This article from Writing Cooperative defines the inciting incident as “the moment the protagonist’s world changes in a dramatic way,” and it does a good job of placing the inciting incident in the context of the classic story arc.
My current revision task: moving the inciting incident in my novel from page 64, where it used to be, to somewhere within the first 50 pages.
Basically, my goal right now is to get the beginning of my manuscript in the best possible shape, and to keep the action moving forward as much as possible, so that a prospective agent will want to keep reading (and request more pages!).
How I did this:
1) Cut an entire character, the chaperone who escorts my protagonist and her sister aboard a train voyage from New Hampshire to Washington, D.C. (with a stop in New York) in January 1865. She’s completely fictional (as opposed to many of my other characters) and I really liked her, but after the first chapter or so I couldn’t really think of a way to keep her in the action, and she drops out of sight completely. So it feels odd to have her play such a central role in the first part. Cutting her created other problems, though: would the sisters have been allowed to travel alone? Maybe the mother should go with them? But if the mother’s with them, can they have such a candid conversation in the carriage on the way to the hotel, which lays out crucial back story/characterization that I need to be right up front? Hmm…that still needs work.

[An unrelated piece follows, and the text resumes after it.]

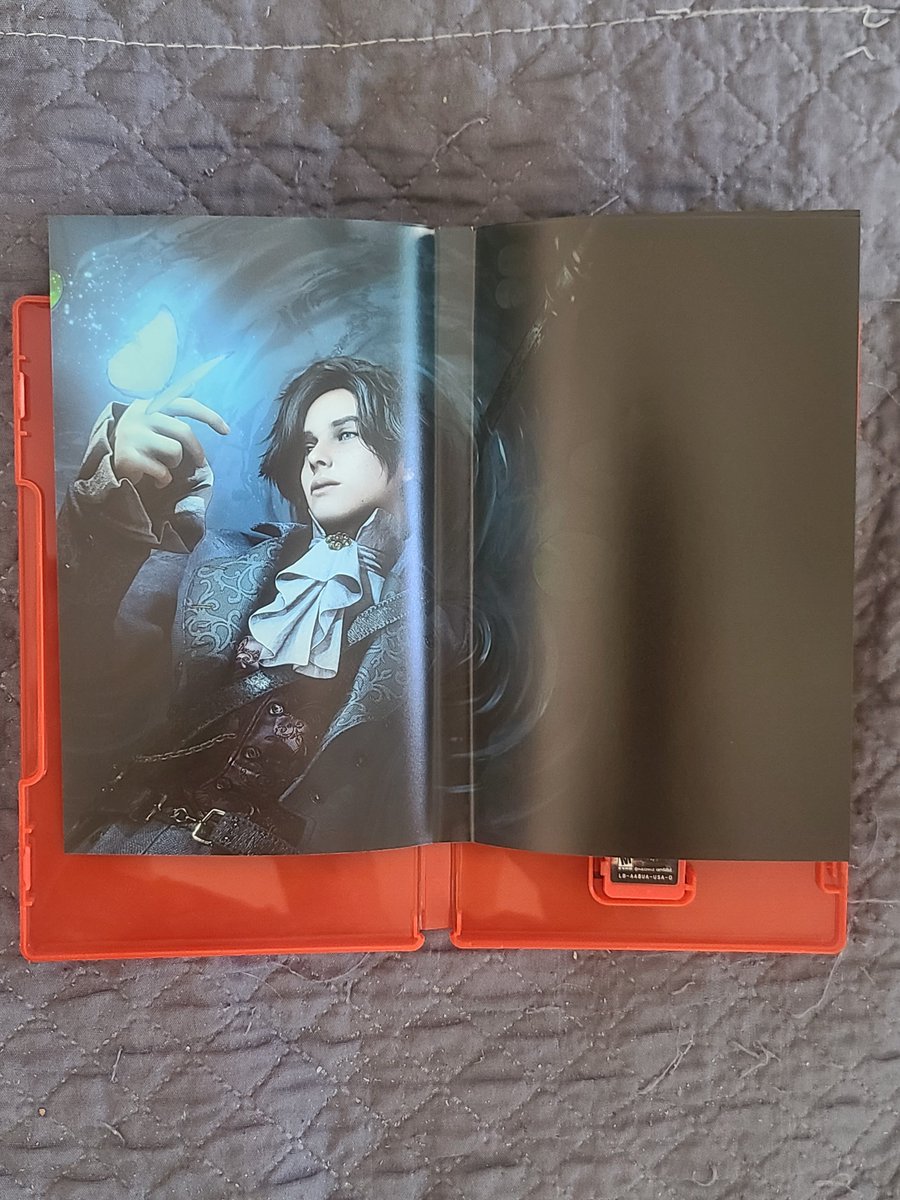 DragonMstrAlex's tweet photo. Saturday delivery! Lies of P: Complete Edition from @iam8bit @NEOWIZ_Official. Comes with some really nice art cards and interior art! Did anyone else pick this up? Thank you so much @BestBuy! #SwitchCorps https://t.co/JJKK6aTwe2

2) Cut a bunch of back story about the political machinations in Washington circa 1865 and the reasons why my protagonist’s father is out of a job.
3) Cut about 2/3 of a chapter where my heroine and her sister talk about how they never expected to be unmarried at 26 and 30, respectively, and my heroine reminisces about her sister’s teenage sweetheart and their outing to the Crystal Palace exhibition in New York City in 1853 (from a much longer section of backstory I loved writing, but ended up cutting a few years ago—yes, I have been working on this novel for the better part of a decade at this point!). This may show up later in the novel but does not help move the story forward, which is goal #1 for this first section.
Just making these cuts moved the entrance of my notorious love interest/super-villain from page 64 to roughly page 40, which I would say is a big improvement.